» **Your instructions**
For this task, output exactly the lines of the material below starting at the line with "Erik Stokkebye 4th" and ending at the line with "Image of Disobedient Dragonmaw Peon"; pictures are to be excluded.

» **Dataset content**
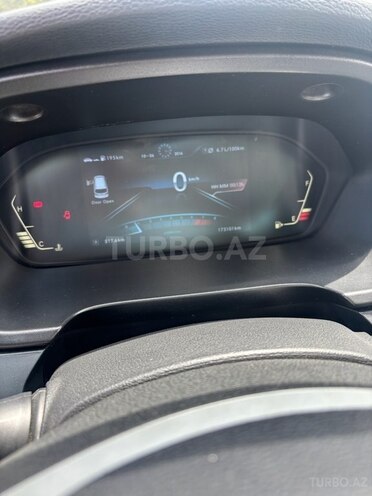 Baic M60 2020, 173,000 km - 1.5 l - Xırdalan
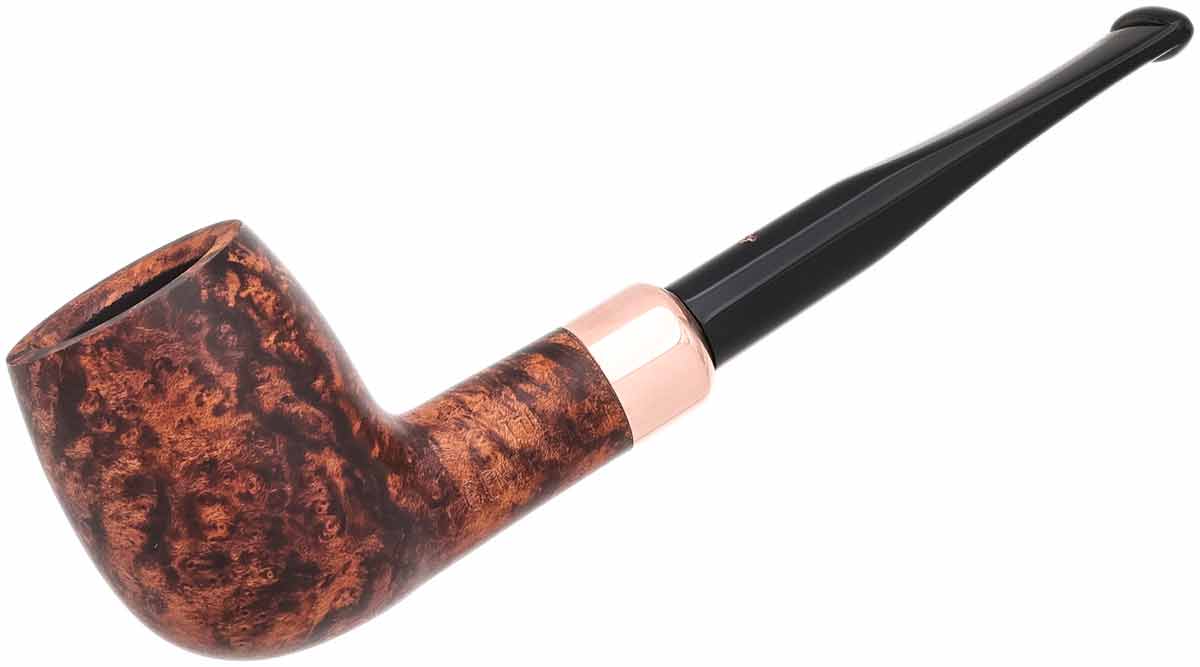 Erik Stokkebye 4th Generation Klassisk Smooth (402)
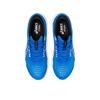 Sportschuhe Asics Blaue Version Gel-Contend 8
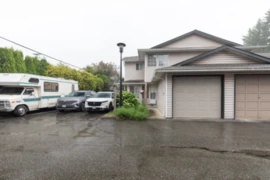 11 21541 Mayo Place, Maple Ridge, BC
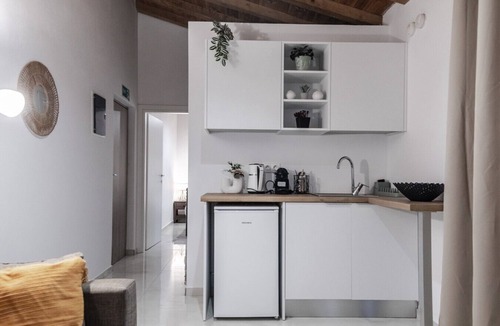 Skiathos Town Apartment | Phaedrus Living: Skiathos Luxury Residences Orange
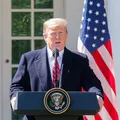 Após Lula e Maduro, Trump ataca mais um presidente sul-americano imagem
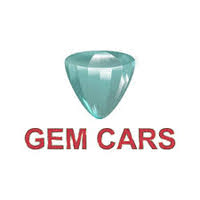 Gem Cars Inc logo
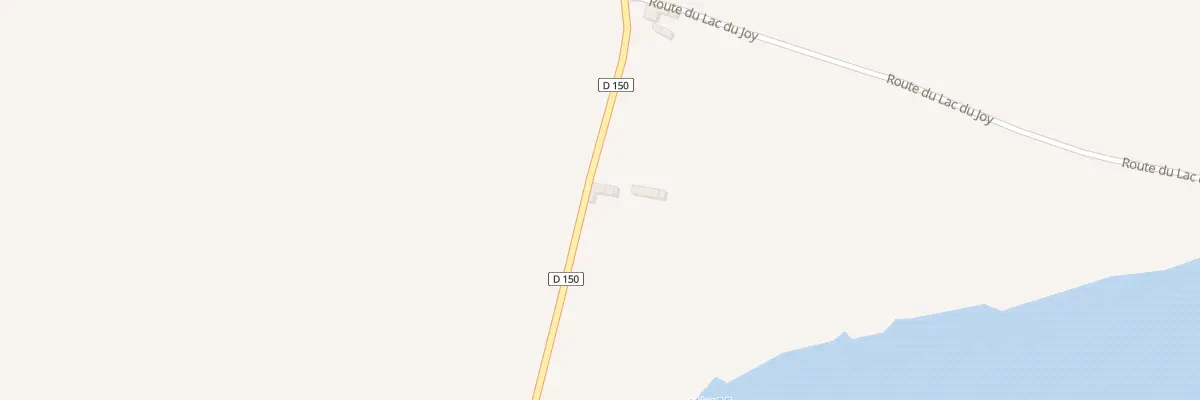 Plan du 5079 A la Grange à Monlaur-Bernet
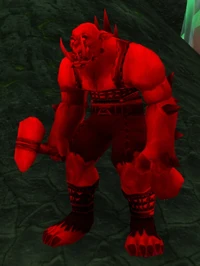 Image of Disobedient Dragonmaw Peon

...

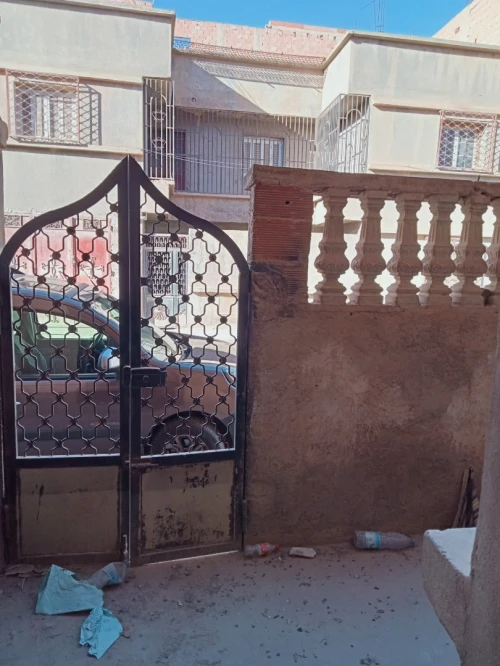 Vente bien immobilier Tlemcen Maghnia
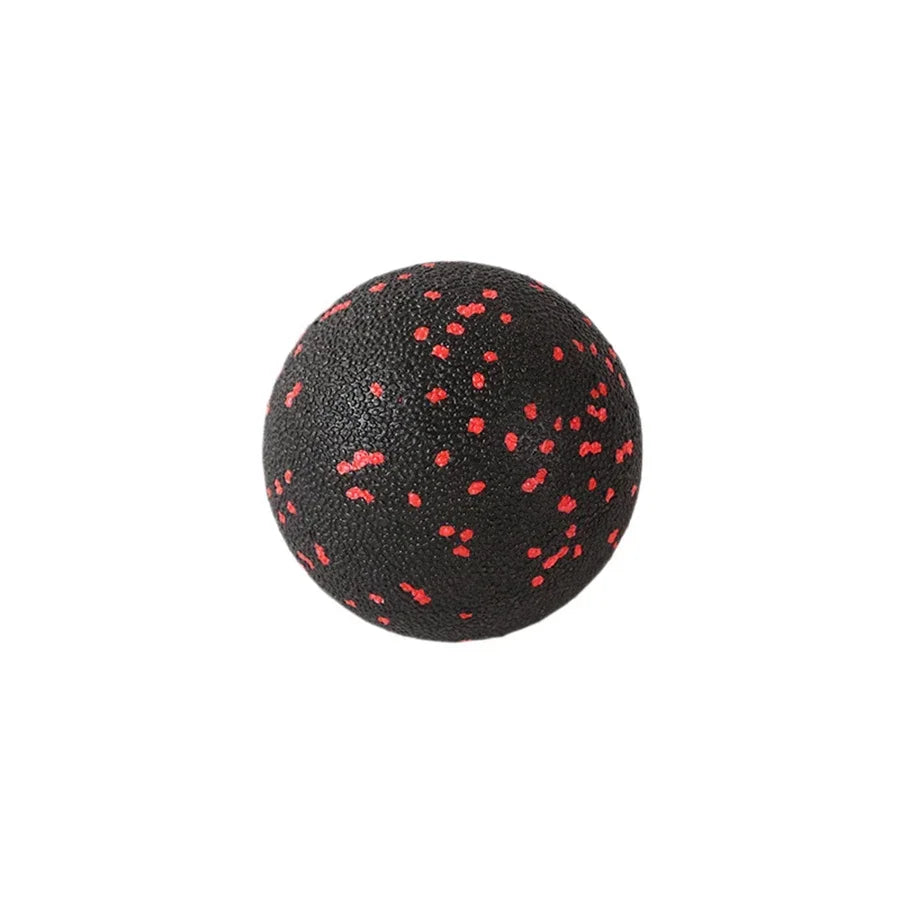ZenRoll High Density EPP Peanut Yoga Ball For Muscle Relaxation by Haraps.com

» **Answer section**
 Erik Stokkebye 4th Generation Klassisk Smooth (402)
 Sportschuhe Asics Blaue Version Gel-Contend 8
 11 21541 Mayo Place, Maple Ridge, BC
 Skiathos Town Apartment | Phaedrus Living: Skiathos Luxury Residences Orange
 Após Lula e Maduro, Trump ataca mais um presidente sul-americano imagem
 Gem Cars Inc logo
 Plan du 5079 A la Grange à Monlaur-Bernet
 Image of Disobedient Dragonmaw Peon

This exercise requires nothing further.